» Exercise data
• • • •
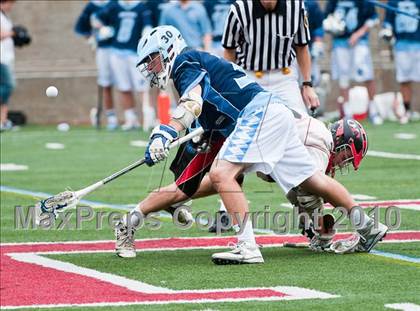 Thumbnail 2 in Medfield vs Hingham (MIAA Division 2 East Final) photogallery.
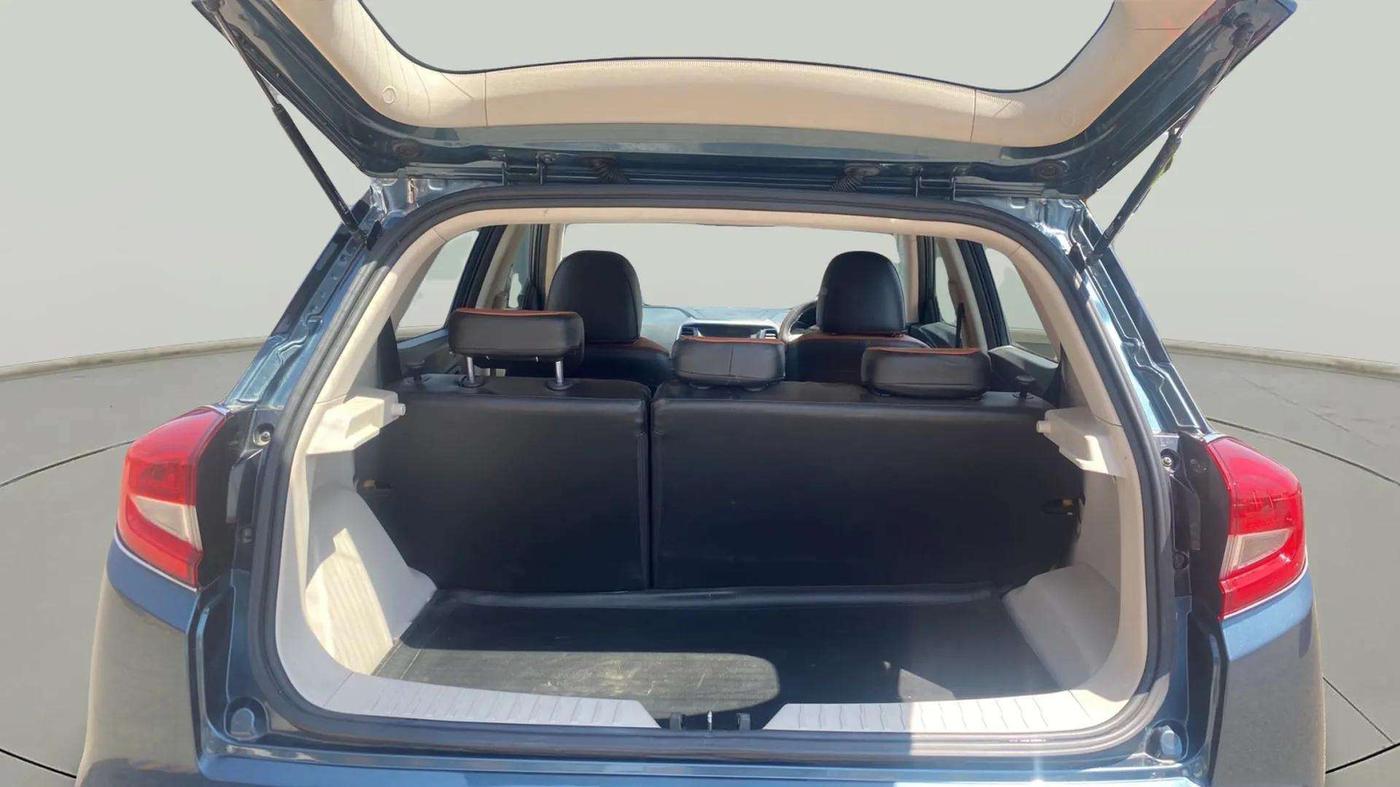 2021 Mahindra XUV300 W8 1.2 PETROL, Petrol, Manual, 32,642 km, Boot Inside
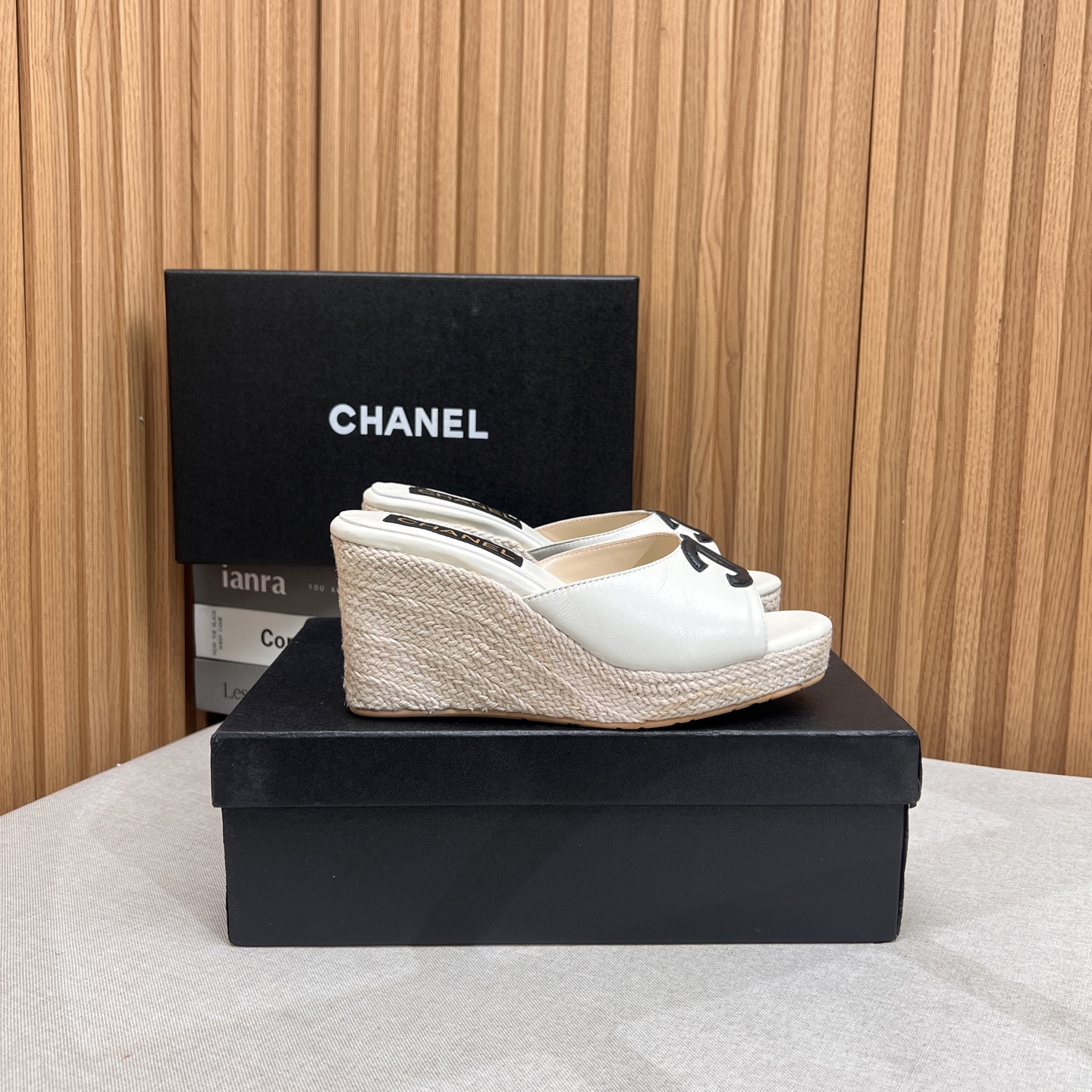 NO:263542,2025★★★★★★ Many celebrities are here to watch, a versatile series that domestic and foreign bloggers are popular with, a must-have for spring and summer wardrobe matching, the first choice for sandals. Design exclusive to Xiangjia, upper sheepskin, inner lining: imported crystal sheepskin inner lining, original mold-open custom rubber sole, shoe size: 35-39 (40, 41, customized, non-return and exchange) Delivery luxury latest counter synchronous packaging, high heels, slippers, sheepskin198609092025★★★★★ 众多明星网红上脚,国内外博主刷爆的一个百搭系列,春夏衣橱搭配必备 凉拖首选.设计香家专属 鞋面羊皮  内里: 进口水晶羊皮内里 大底原版开模定制橡胶底 鞋码: 35-39（40、41、定做不退换） 配送豪华最新专柜同步包装,高跟鞋拖鞋,chanel,high heels,slippers,sheepskin,Women's Shoes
• • • •
» Required work
All that is wanted is the run of lines from the start of the material through the line that holds "2021 Mahindra XUV300", retyped exactly, with no pictures.

» Written solution
 Thumbnail 2 in Medfield vs Hingham (MIAA Division 2 East Final) photogallery.
 2021 Mahindra XUV300 W8 1.2 PETROL, Petrol, Manual, 32,642 km, Boot Inside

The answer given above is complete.